● The task
Write out again, word for word, the lines below from the line that holds "CDEN Автомобильный FM" through the line that holds "Свободная футболка из", omitting pictures.

[Image-text web data]
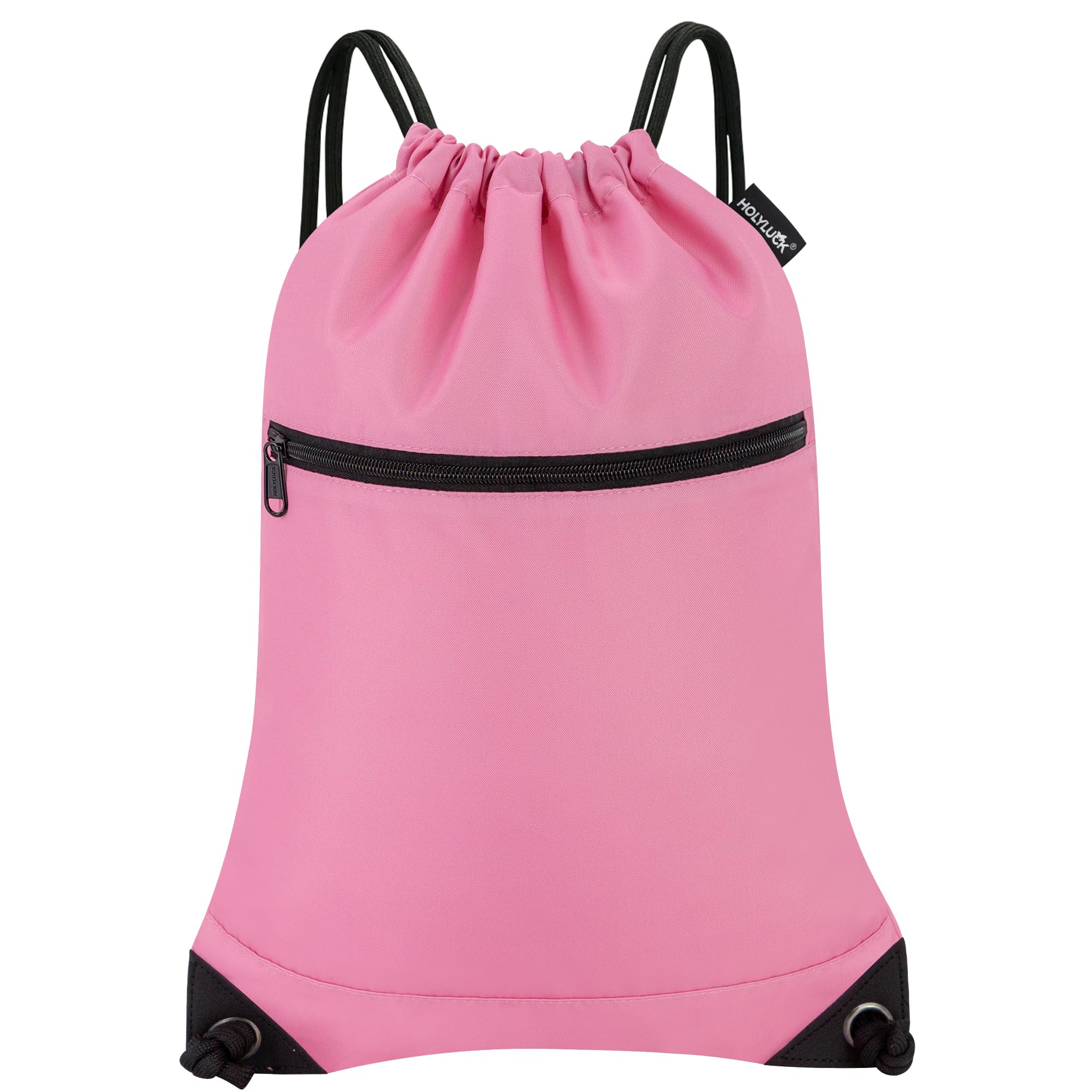 HOLYLUCK Drawstring Bags Backpack Sackpack Cinch Bags for Sports, Gym, Travel, Beach (Pink)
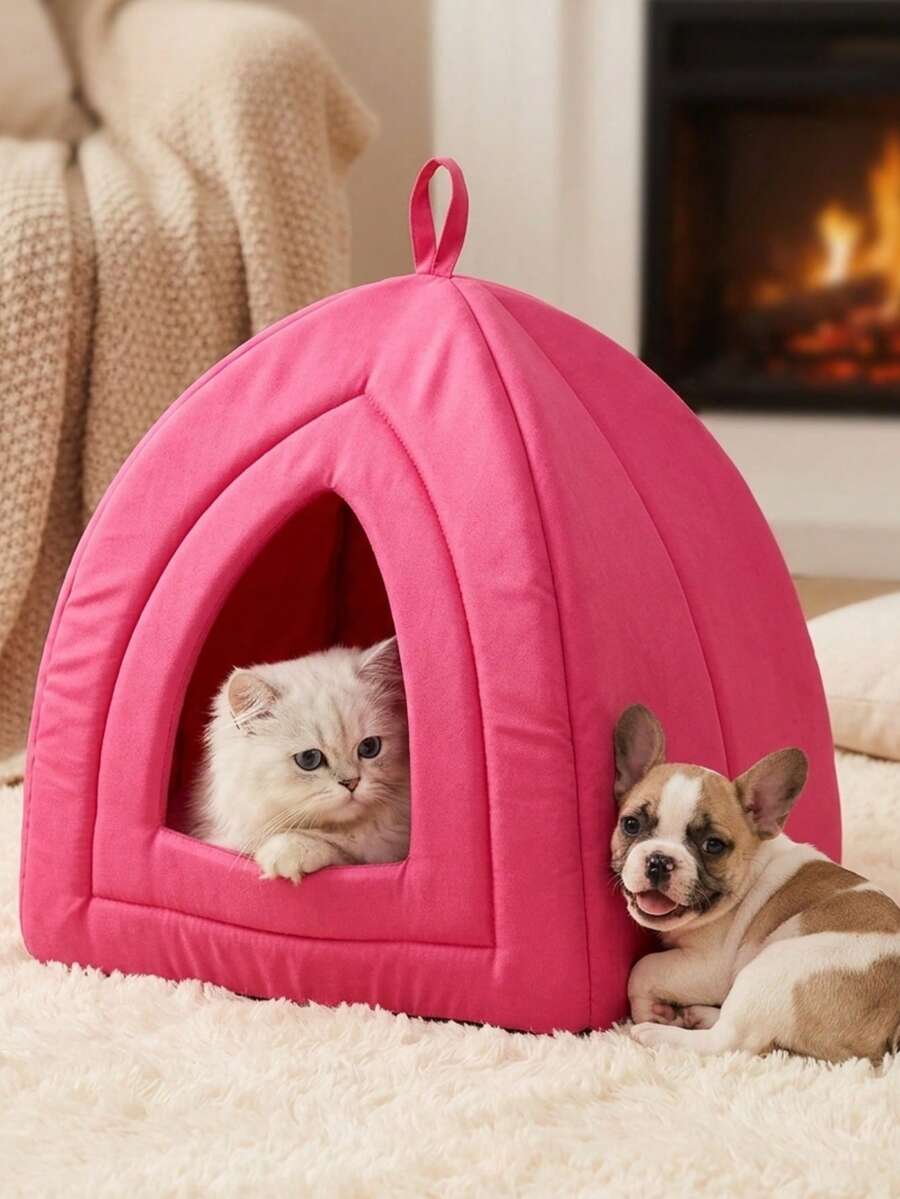 PETSIN Four Seasons Breathable Triangle Semi-Enclosed Cat Cave, Washable Pet Cat Bed For Indoor Cats - Multicolor - View 1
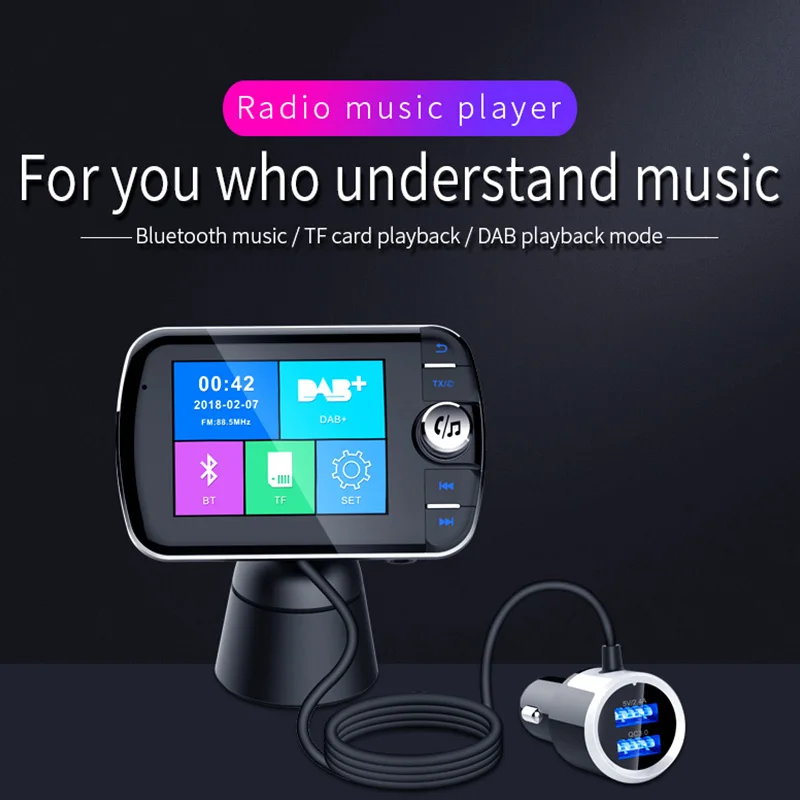 CDEN Автомобильный FM передатчик цветной цифровой DAB радио MP3 музыкальный плеер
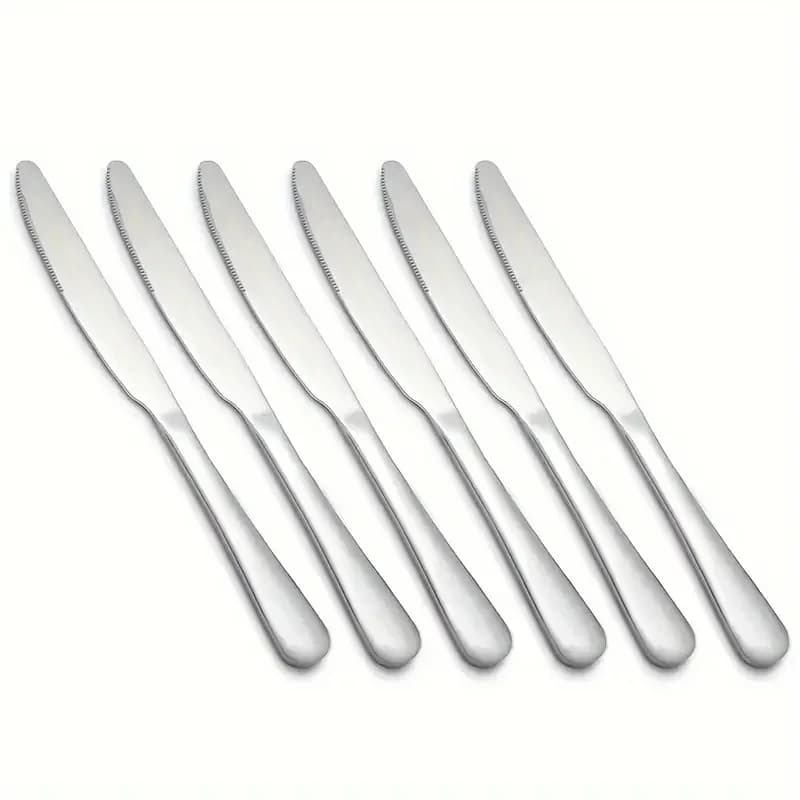 Stainless steel knife 6 pieces, Mirror polished cutlery knife set, dishwasher safe for home, kitchen, dining room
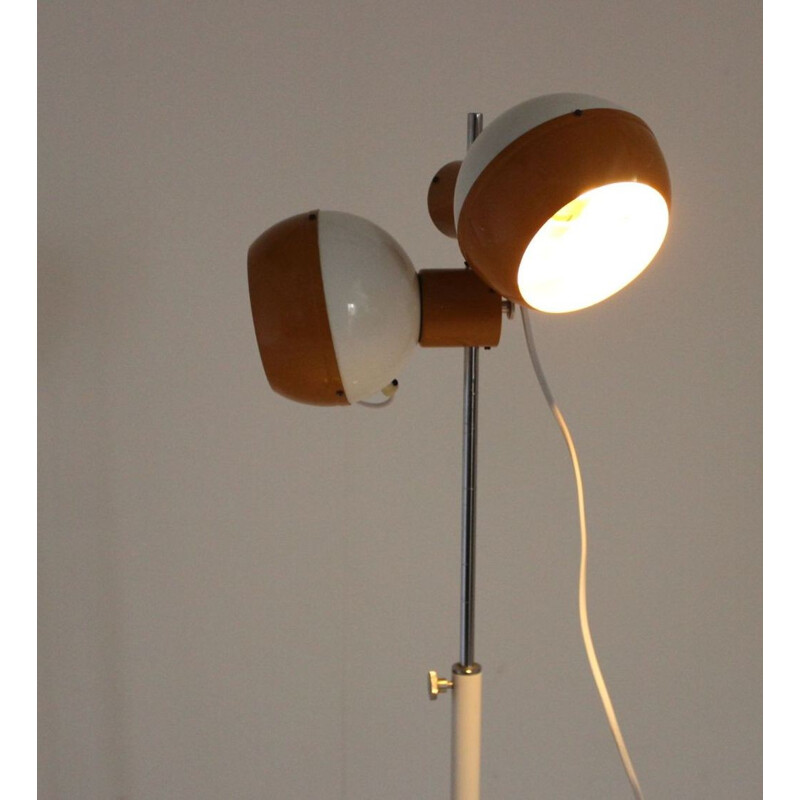 Lampadaire Vintage ajustable avec double diffuseur magnétique par Josef Hurka - 1970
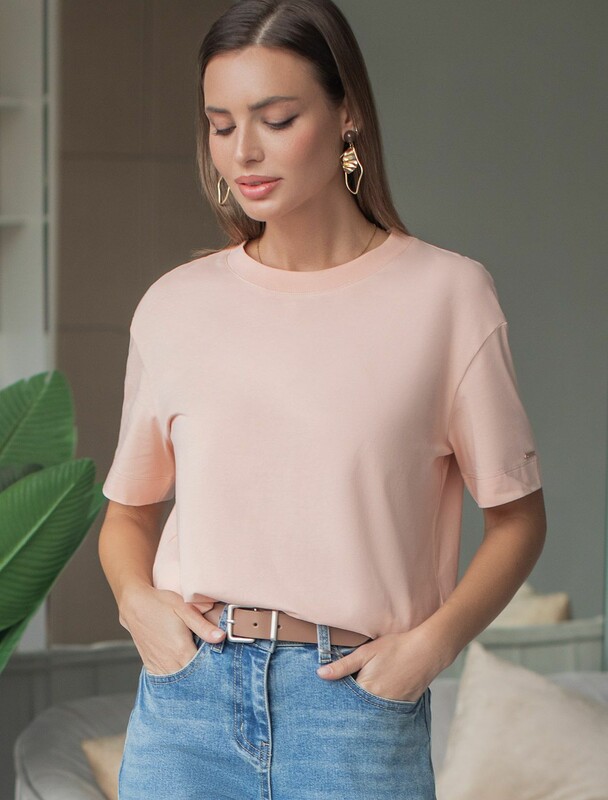 Свободная футболка из премиального хлопка с эластаном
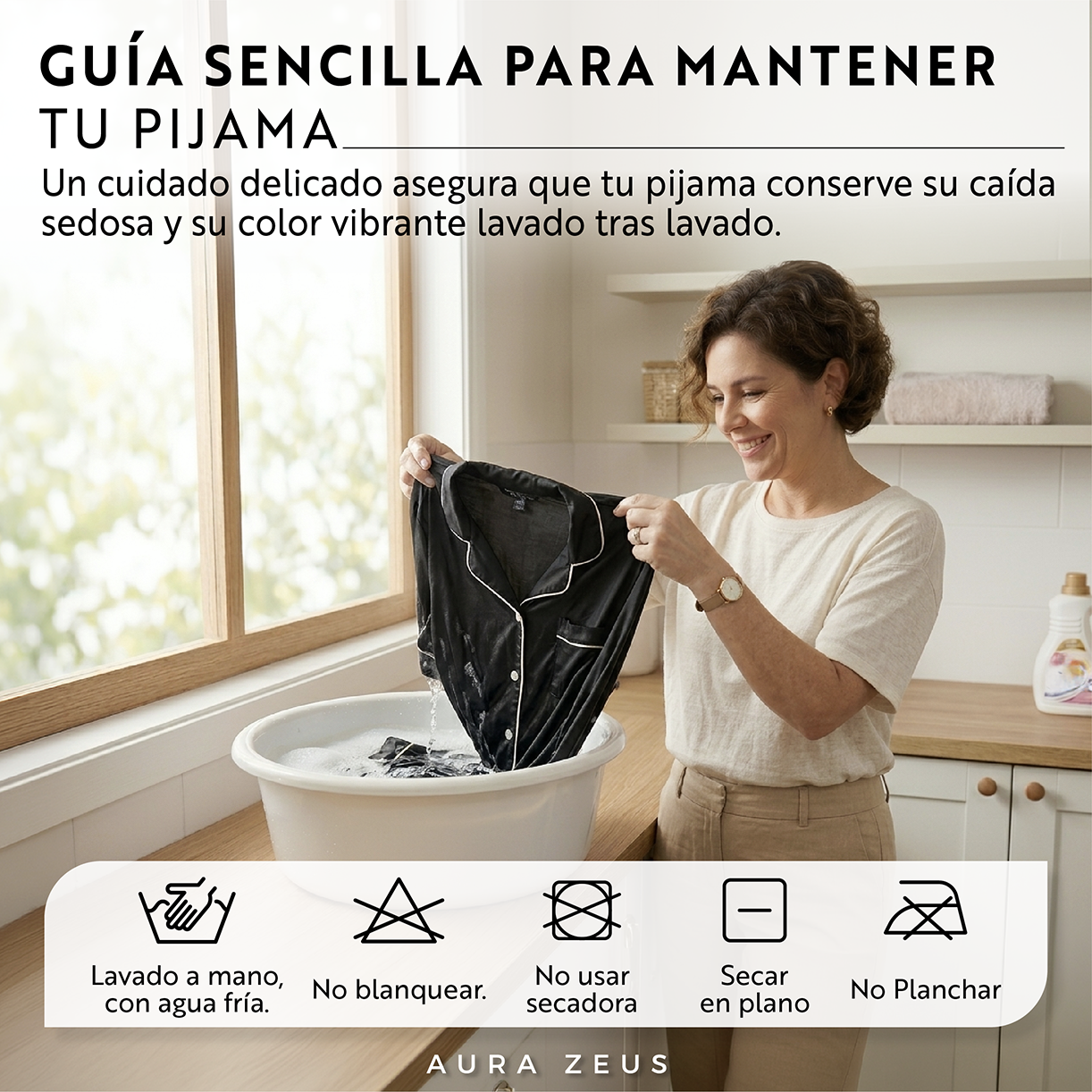 Pijama De Saten Mujer 2 Piezas Set Camisa Y Pantalon Suave Boton Negro y Rosa-4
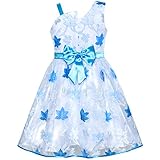 Girls Dress One-Shoulder Blue Maple Leaf Pageant Wedding Size 10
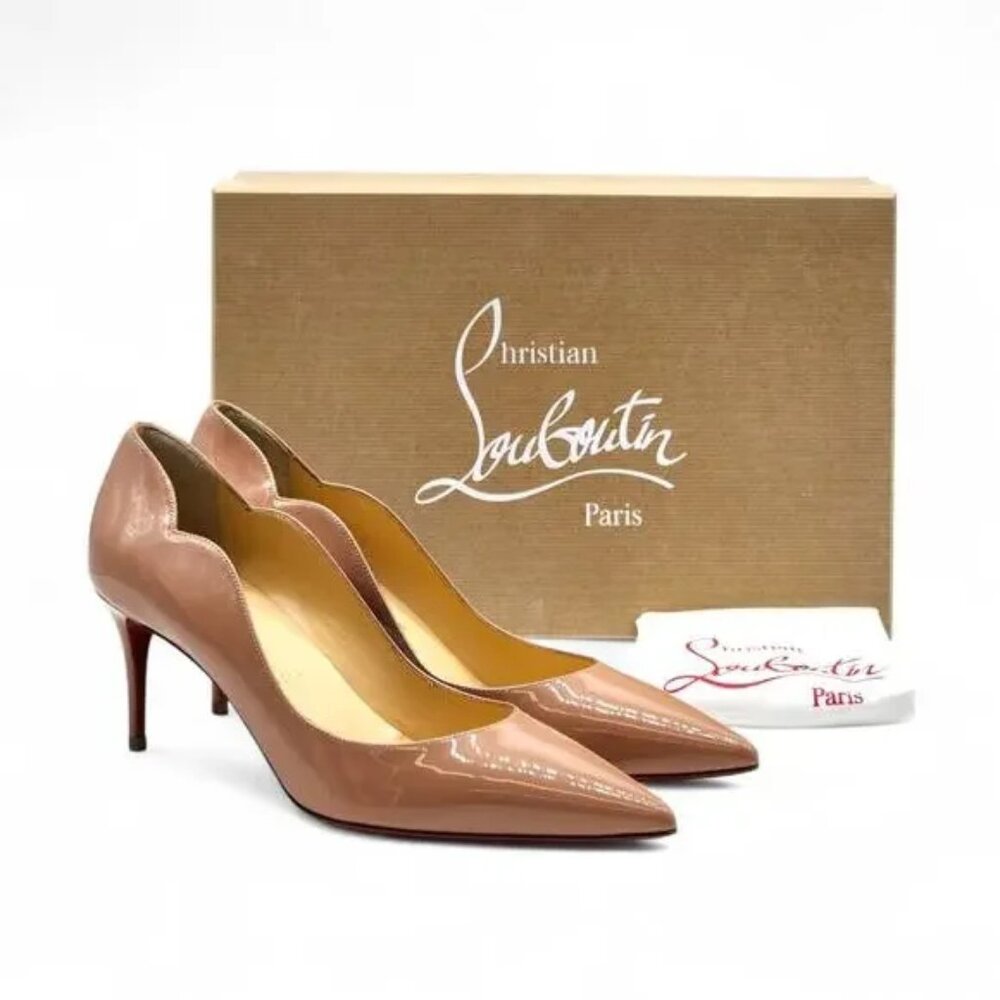 Christian Louboutin Hot Chick Patent Leather Kitten Heel Pumps Blush - New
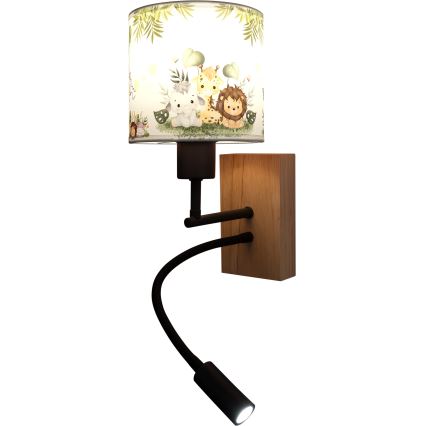 Brilagi - LED Dětská flexibilní nástěnná lampa BOBO WOOD 1xE27/25W/230V + LED/3W dub/černá/bílá/zelená/džungle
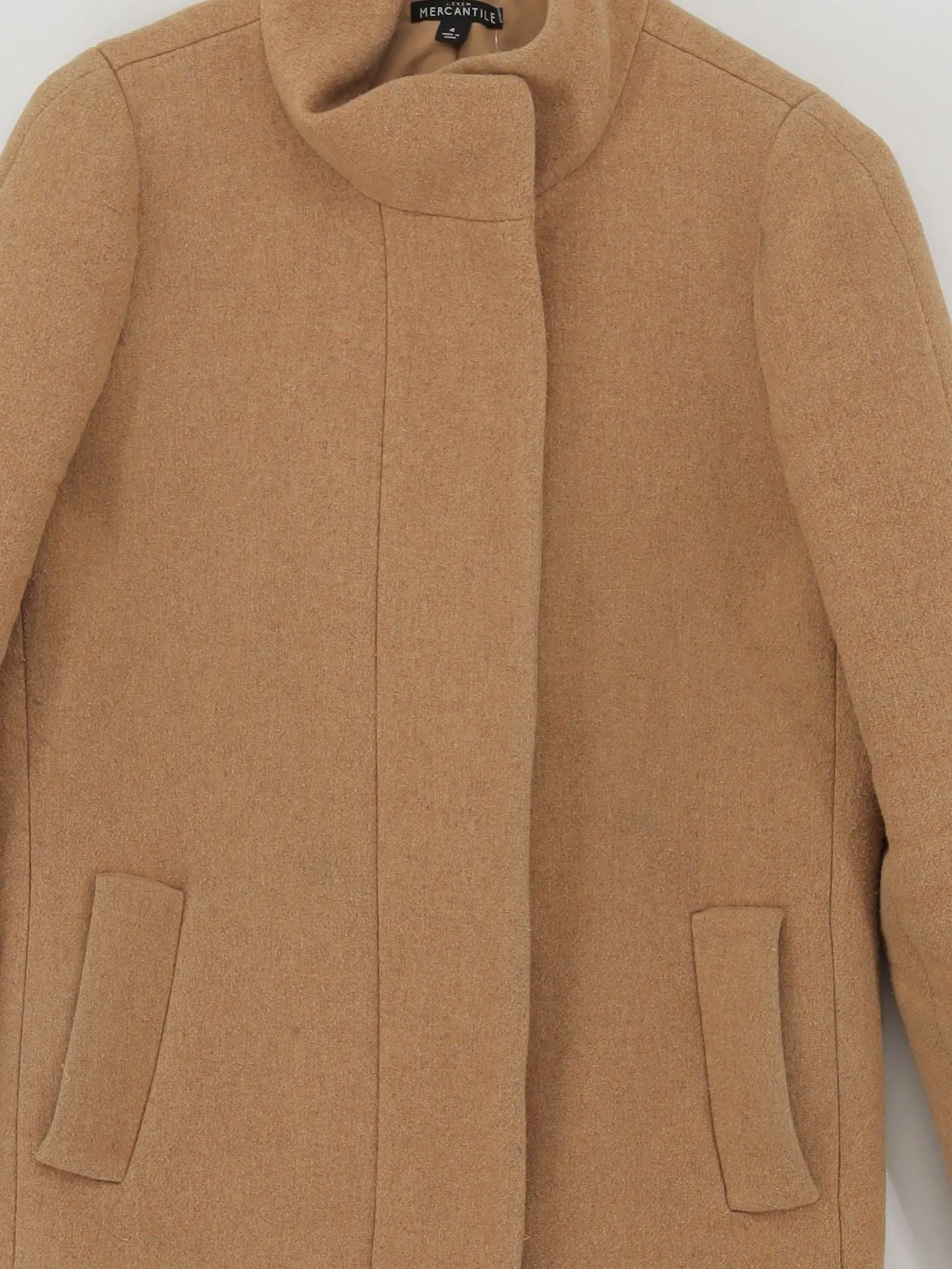 J. Crew Women's Coat M Tan Wool with Acrylic, Other, Polyester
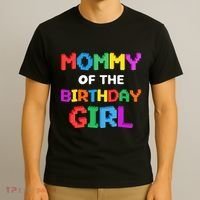 Mommy Of The Birthday Girl Master Builder Bricks Blocks T-Shirt thumb 3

● Result of the task
 CDEN Автомобильный FM передатчик цветной цифровой DAB радио MP3 музыкальный плеер
 Stainless steel knife 6 pieces, Mirror polished cutlery knife set, dishwasher safe for home, kitchen, dining room
 Lampadaire Vintage ajustable avec double diffuseur magnétique par Josef Hurka - 1970
 Свободная футболка из премиального хлопка с эластаном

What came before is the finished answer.